In the final year of her life, a nasty family feud over her care was splashed all over the city's tabloids – including allegations that she was forced to sleep in a torn nightgown on a couch that smelled of urine while subsisting on a diet of pureed peas and oatmeal. Those allegations were never substantiated, but they led to the criminal case over her finances.
The claims were initially broached by one of Marshall's sons, Philip; he didn't immediately return a telephone call Monday evening.
Defense lawyers have said Marshall's myriad illnesses would make any prison term a virtual death sentence for the former U.S. ambassador and Broadway producer, who was wounded while leading a Marine platoon in the battle of Iwo Jima.
Marshall's Oct. 8 conviction followed a five-month trial in which Manhattan prosecutors painted him as an impatient heir who schemed to get his hands on his disoriented mother's money, though she had already provided for him generously.
Prosecutors – who brought in such prominent Astor friends as Barbara Walters and Henry Kissinger to help make their case – say Marshall manipulated Astor into changing her will and even helped himself to artwork from her walls, largely to benefit a wife she disliked. The will changes alone steered him tens of millions of dollars previously destined charities, prosecutors say.
"The defendant's economic and social standing shouldn't put him above the herd," Assistant District Attorney Joel Seidemann said. "He shouldn't be treated as anything other than a common thief."
Defense lawyers say Marshall had the legal power to give himself gifts with his mother's money, and she was lucid when she changed her will to benefit her only child. He consulted with attorneys throughout, they noted.
"I think the fairest way to think about it is that there is a man who, maybe, felt entitled – and in hindsight felt too entitled – but he's not somebody who simply stuck his hand in the cookie jar when no one was looking," defense lawyer John R. Cuti said as he argued for leniency for Marshall.
Marshall didn't testify or call any witnesses at his trial. After his conviction, he aired details of his life – from childhood sorrows to his current health problems – and lined up some celebrity supporters of his own in a bid to stay free. Friends Al Roker and Whoopi Goldberg were among more than 70 people who wrote to the court praising him.

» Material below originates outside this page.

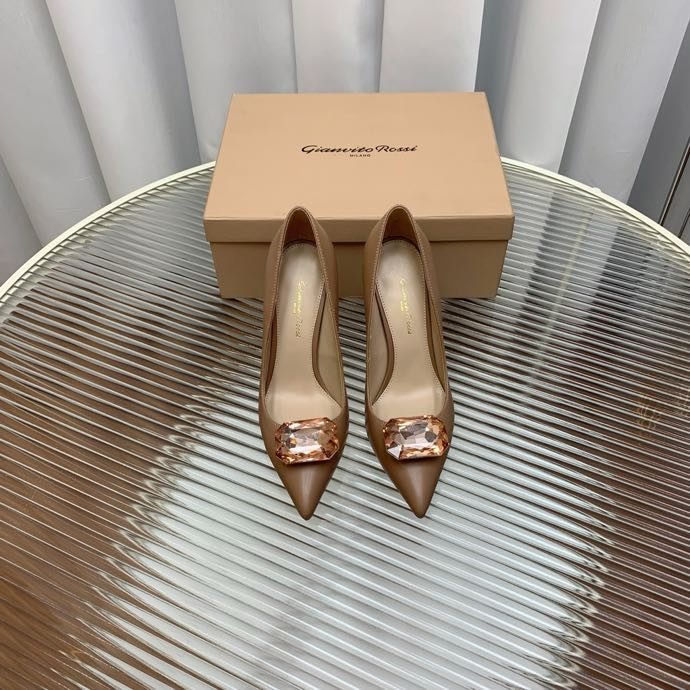 Shoes women's фото 4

Meanwhile, a fight over Astor's estate continues in civil court, pitting Marshall against several charities. It was on hold during the criminal case.
Citing the will fight, Bartley turned down prosecutors' request to force Marshall to pay more than $12 million and Morrissey more than $237,000 as restitution.
Astor was seen as the queen of New York society and a power in the city's philanthropic scene, supporting such grand institutions as Carnegie Hall and such humble needs as a new boiler for a youth center. Her efforts won her a Presidential Medal of Freedom, the nation's highest civilian honor, in 1998.